La première porte un regard amusé et distancé sur l’encombrant barda du poilu : comme souvent dans ce type d’illustration il faut lire en filigrane des pointes d’ironie prudente à l’égard de la vie militaire. Ces cartes permettent d’évoquer les soucis  quotidiens du poilu tout en restant conforme aux contraintes  de la censure. La deuxième édulcore la douleur de la séparation et de l’absence du mari parti combattre dans un jeu de hasard patriotique où le sentiment de l’épouse ne peut être qu’un hommage sublimé aux valeurs de l’homme combattant : admirable, héroïque, brave…
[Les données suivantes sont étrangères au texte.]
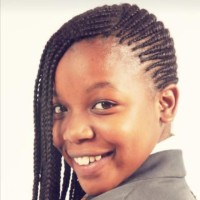 Karabo Dube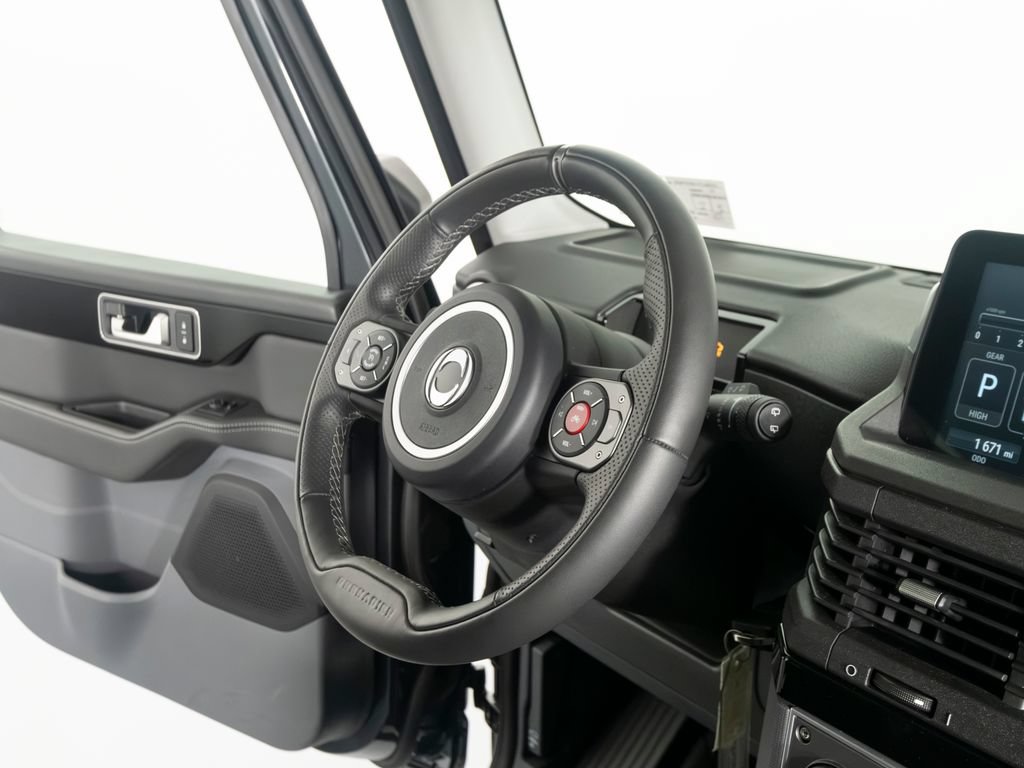 New 2025 INEOS Grenadier Fieldmaster Edition AWD/4WD image 29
Le choix individuel par son expéditeur de tel ou tel type de carte postale  est difficile à cerner. Il témoigne moins d’une volonté de montrer son adhésion aux valeurs patriotiques et militaires de ce temps de guerre  que de la volonté de maintenir un lien entre l’absent parti  sur le front et les civiles à l’arrière, objectivé par des images qui sont toutes des stéréotypes sociaux précédents le conflit.

Pour aller plus loin

Annoncer la mort

L’année 1914 sera proportionnellement la plus meurtrière de toute la guerre. Les régiments angevins engagés dans la bataille des frontières subissent de lourdes pertes dès les premières semaines. Les familles sont informées  du décès d’un soldat le plus souvent par la lettre d’un camarade, issu du même village ou du canton, les régiments ayant un recrutement régional. Elle est suivie, bien plus tardivement, de l’annonce officielle du décès ou de la disparition par les autorités régimentaires. C’est au maire ou à son adjoint qu’il revient d’aller confirmer auprès de la famille le décès du mari ou du fils selon une formulation administrative qui évoluera peu au cours du conflit.